The Polish School of Formalism: Theory and Practice

Andrzej Karcz, University of Chicago

When, by 1930, the Russian school of Formalism was silenced as heresy in the Soviet Union, a similar school of literary theory and analysis began to take form in Poland. Like their Russian counterparts, many Polish literary historians and theorists rose up to question traditional methods of scholarship, which had been preoccupied with biographism, and the psychological and ideological aspects of literature. Like the Russians, Polish scholars postulated a new approach to literary art, and in their works they embarked upon analyzing basic Formalist concepts of the autonomy and methodology of literary scholarship, the distinguishing features of literature, and the morphology of the literary work.

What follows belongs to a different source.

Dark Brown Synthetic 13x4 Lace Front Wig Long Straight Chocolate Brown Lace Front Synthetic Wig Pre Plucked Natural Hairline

While presenting a comparative and contrasting approach to Polish and Russian Formalism, the paper concentrates on the theory and practice of the Polish Formalist School (K. Woycicki, M. Kridl, F. Siedlecki, D. Hopensztand, K. Budzyk) and attempts to show which ideas of the Russian Formalists the Polish school accepted and applied, and which it modified and transcended. Thus the paper shows that the two schools of literary criticism dealt with the same problems of literary analysis, although they did not always propose similar solutions. Special attention in the paper is first paid to Woycicki's original definition of the subject of literary study and his Formalist, or even structuralist, concept of the literary work; in the paper his ideas are referred to analogous concepts of Shklovskij and Tynjanov. Later, the paper examines briefly Kridl's "integral method" and its use of the Russian scholars' Formalist theory. In dealing with the efforts of the younger members of the Polish school of Formalism, the paper analyzes the following: 1) Siedlecki's studies of Polish metrics and his use of both Shklovskij's concepts (defamiliarization, making it strange) and Tomashevskij's and Jakobson's ideas referring to rhythm and rhythmical patterns in poetry; 2) Budzyk's application of Vinogradov's concepts in the studies of stylistics; 3) and Hopensztand's venture into investigating the issues of stylistics and the sociology of language as a reflection, albeit remote, of Tynjanov's concept of relations between literary and extraliterary phenomena.

The paper closes with an observation that by applying and modifying the ideas of Russian Formalism, the Polish Formalist School of the 1930s modernized Polish literary scholarship in a fundamental way. Yet the school is remarkably little known and remains unappreciated in the scholarship on literary criticism.